• _Task_: All of the data below should be printed again exactly, pictures excluded.

• _Source material_:

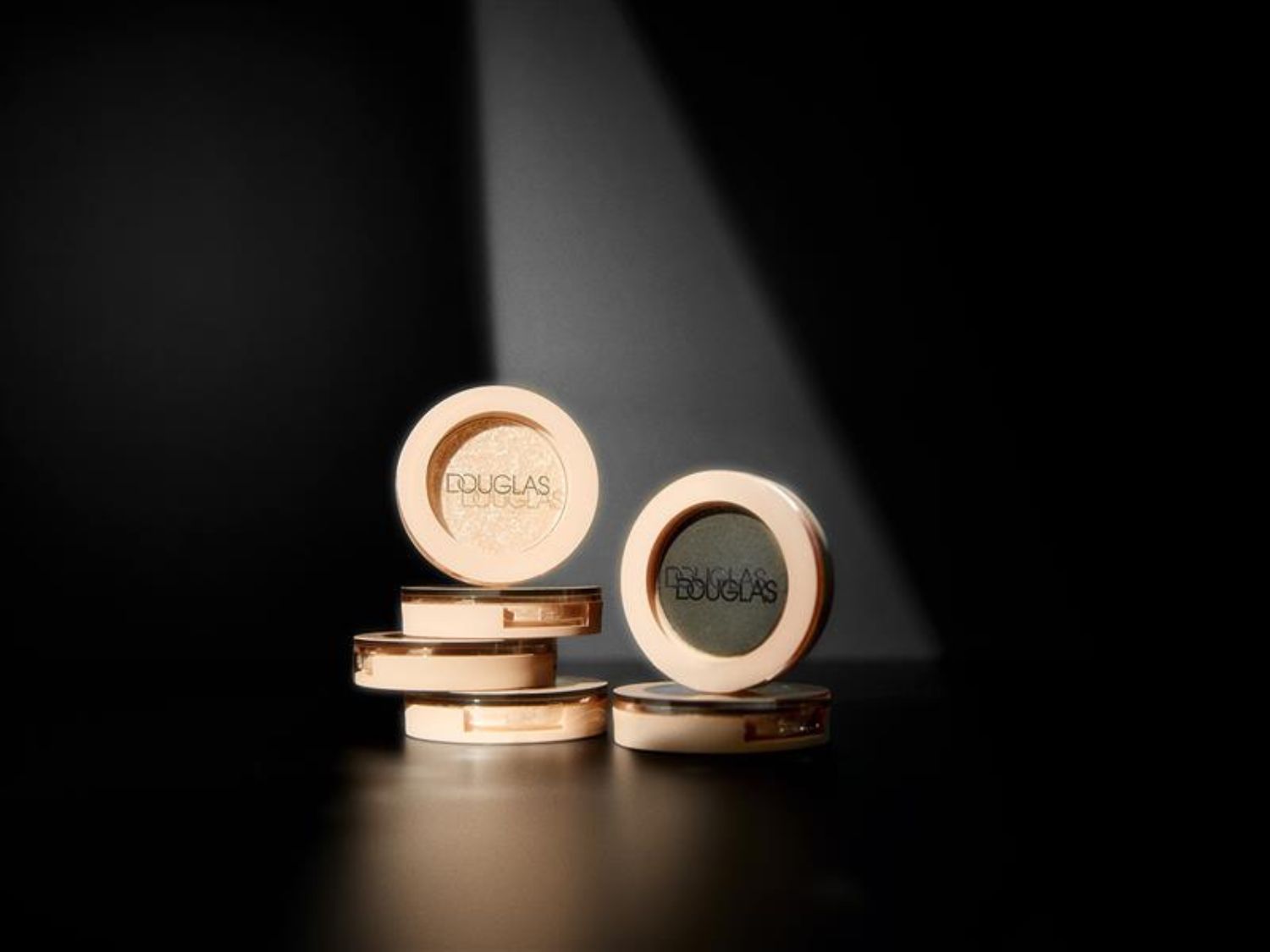 Kompaktné očné tiene Douglas v okrúhlom béžovom obale s logom značky, ktoré sľubujú zvýraznenie vašich očí.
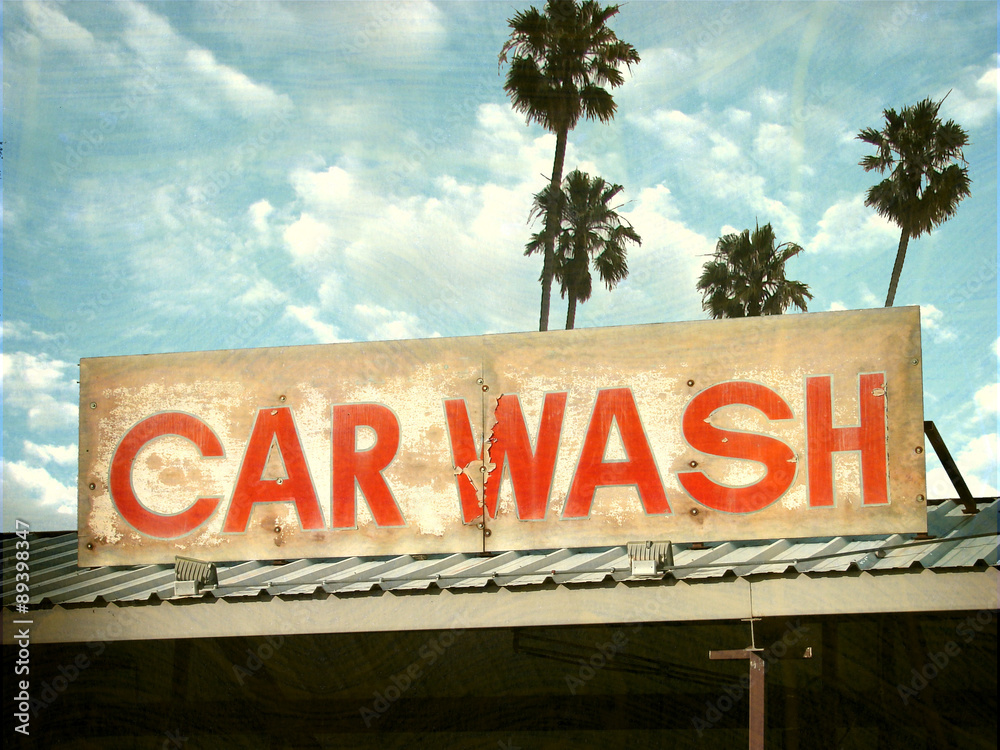 aged and worn vintage photo of car wash sign with palm trees Stock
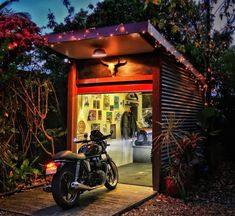 a motorcycle is parked in front of a small shed with lights on the roof and windows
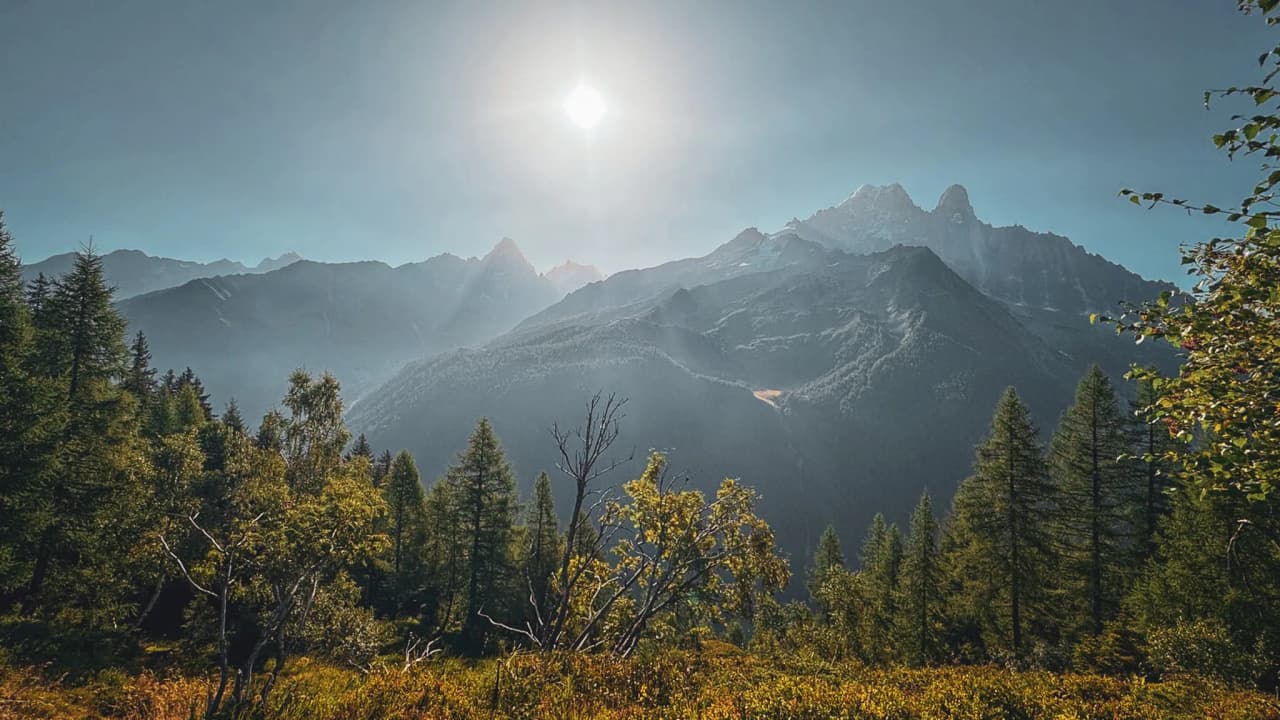 Majestic mountains in brilliant sunshine, a wild landscape inviting adventure.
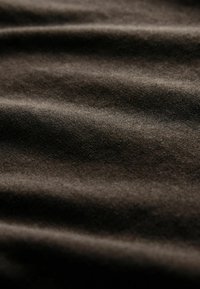 Primer plano de tela suave de color marrón oscuro con pliegues sutiles y una superficie ligeramente texturizada.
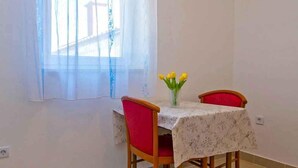 A dining area with a table, two chairs, and a window with curtains. - Holiday Apartment Zeljka A2 (Mali Lošinj)
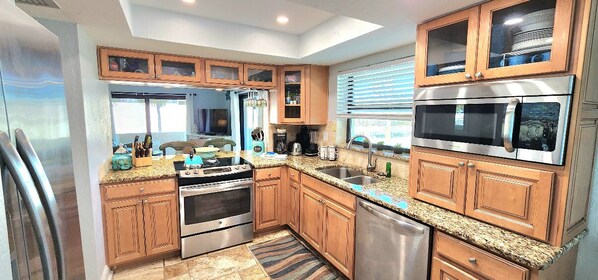A modern kitchen with wooden cabinets, stainless steel appliances, and a granite countertop.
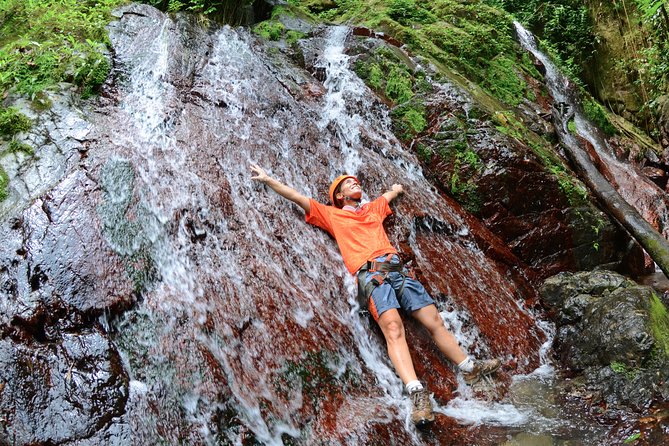 Full-Day Zipline and Waterfall Rappelling Adventure Near San Juan - Hiking Up El Salto Waterfall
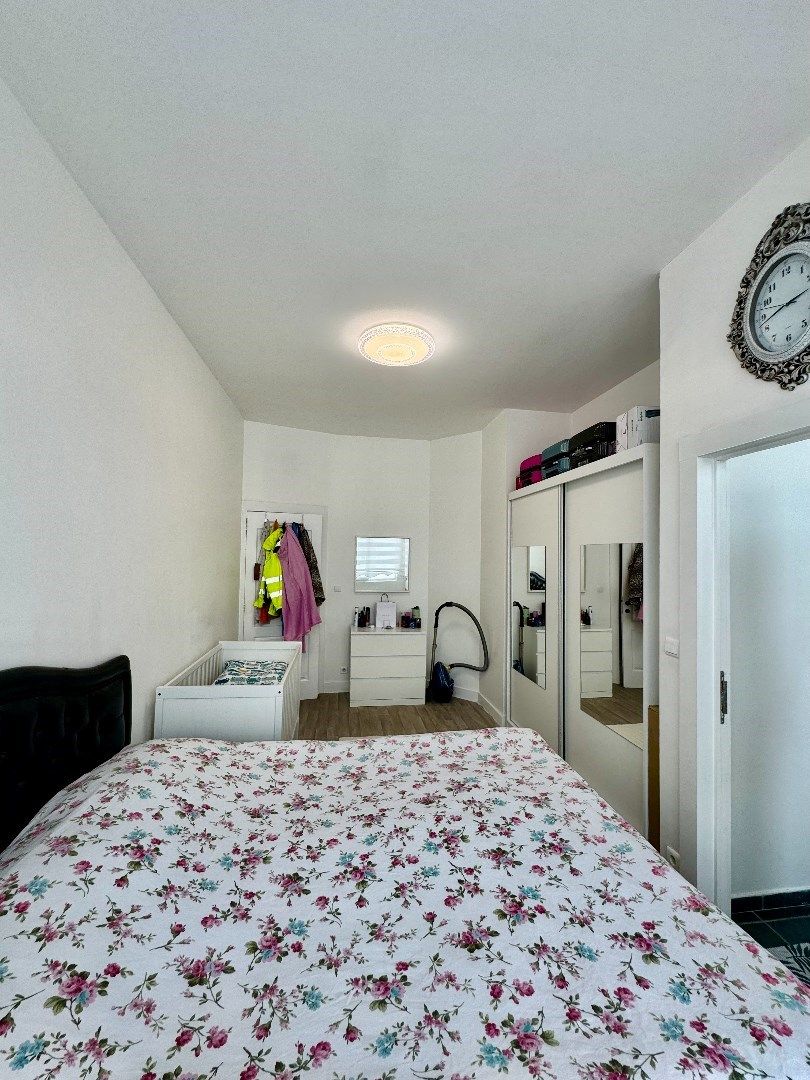 Licht en ruim 2-slaapkamerappartement te koop in Laken foto 21
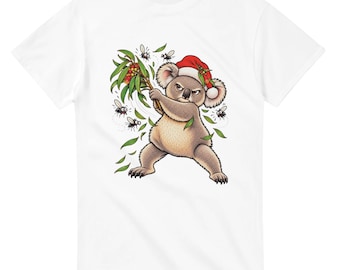 May include: A white short-sleeved t-shirt featuring a graphic illustration of a grumpy koala wearing a red and white Santa hat. The koala is holding a branch of eucalyptus with berries and swatting at several small flies buzzing around it.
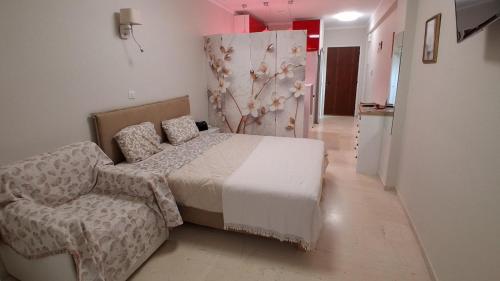 En eller flere senge i et værelse på Modern Studio by the sea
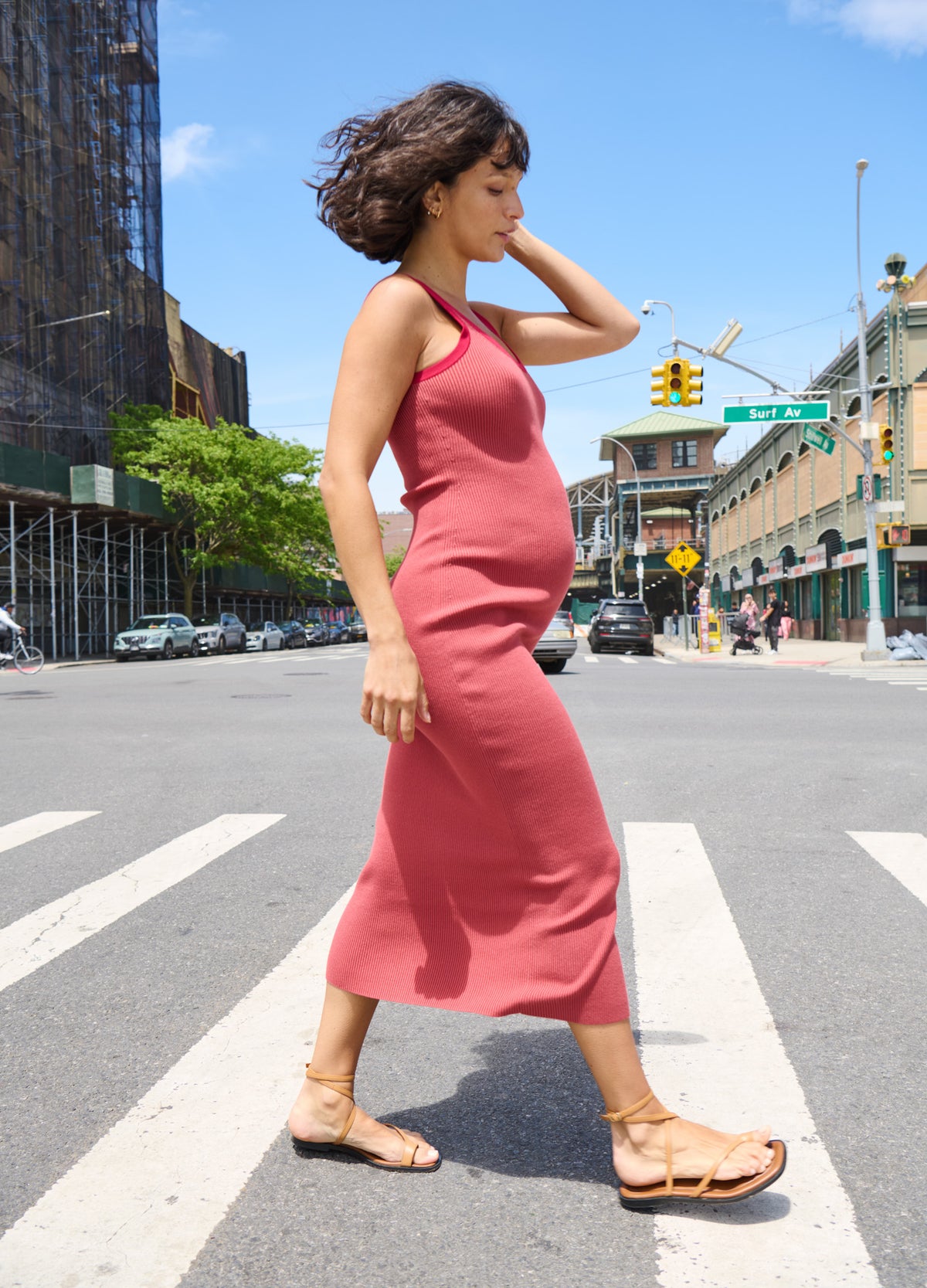 Rose pink sleeveless maternity dress with scoop neckline and fitted silhouette, worn with flat sandals.
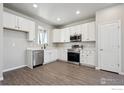 Well-lit kitchen with white cabinets, stainless steel appliances, and wood-look floors at 2263 Serenidad St, Brighton, CO 80601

• _Output_:
 Kompaktné očné tiene Douglas v okrúhlom béžovom obale s logom značky, ktoré sľubujú zvýraznenie vašich očí.
 aged and worn vintage photo of car wash sign with palm trees Stock
 a motorcycle is parked in front of a small shed with lights on the roof and windows
 Majestic mountains in brilliant sunshine, a wild landscape inviting adventure.
 Primer plano de tela suave de color marrón oscuro con pliegues sutiles y una superficie ligeramente texturizada.
 A dining area with a table, two chairs, and a window with curtains. - Holiday Apartment Zeljka A2 (Mali Lošinj)
A modern kitchen with wooden cabinets, stainless steel appliances, and a granite countertop.
 Full-Day Zipline and Waterfall Rappelling Adventure Near San Juan - Hiking Up El Salto Waterfall
 Licht en ruim 2-slaapkamerappartement te koop in Laken foto 21
 May include: A white short-sleeved t-shirt featuring a graphic illustration of a grumpy koala wearing a red and white Santa hat. The koala is holding a branch of eucalyptus with berries and swatting at several small flies buzzing around it.
 En eller flere senge i et værelse på Modern Studio by the sea
 Rose pink sleeveless maternity dress with scoop neckline and fitted silhouette, worn with flat sandals.
 Well-lit kitchen with white cabinets, stainless steel appliances, and wood-look floors at 2263 Serenidad St, Brighton, CO 80601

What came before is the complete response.